ECLI:NL:HR:2011:BQ7328
Hoge Raad
- Cassatie
- Rechtspraak.nl
Internationale verhuizing van een ouder met kind en gezamenlijke uitoefening van gezag
In deze zaak, die voor de Hoge Raad is gekomen, betreft het een geschil tussen voormalig echtelieden over de gezamenlijke uitoefening van gezag over hun kind. De vader, wonende in Nederland, heeft cassatie ingesteld tegen een beschikking van het gerechtshof te Amsterdam, waarin toestemming werd verleend voor een internationale verhuizing van de moeder, die in Colombia woont, met het kind. De moeder had deze toestemming gevraagd op basis van artikel 1:253a van het Burgerlijk Wetboek, dat betrekking heeft op de gezamenlijke uitoefening van gezag en de noodzaak van toestemming voor dergelijke verhuizingen. De Hoge Raad verwijst naar eerdere beschikkingen van de rechtbank Amsterdam en het gerechtshof, waaruit blijkt dat de vader eerder zijn bezwaren heeft geuit tegen de verhuizing.
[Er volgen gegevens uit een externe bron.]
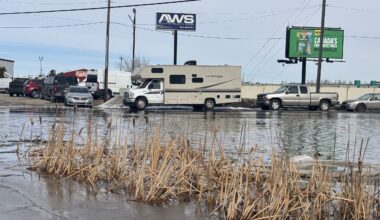 Spring flooding arrives to Edmonton businesses, frustrated by lack of action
De Hoge Raad heeft de zaak beoordeeld en geconcludeerd dat de klachten van de vader in het cassatiemiddel niet tot cassatie kunnen leiden. De Hoge Raad oordeelt dat de aangevoerde klachten geen nadere motivering behoeven, omdat deze niet nopen tot beantwoording van rechtsvragen die van belang zijn voor de rechtseenheid of de rechtsontwikkeling. Dit betekent dat de Hoge Raad de beschikking van het gerechtshof bevestigt en het beroep van de vader verwerpt.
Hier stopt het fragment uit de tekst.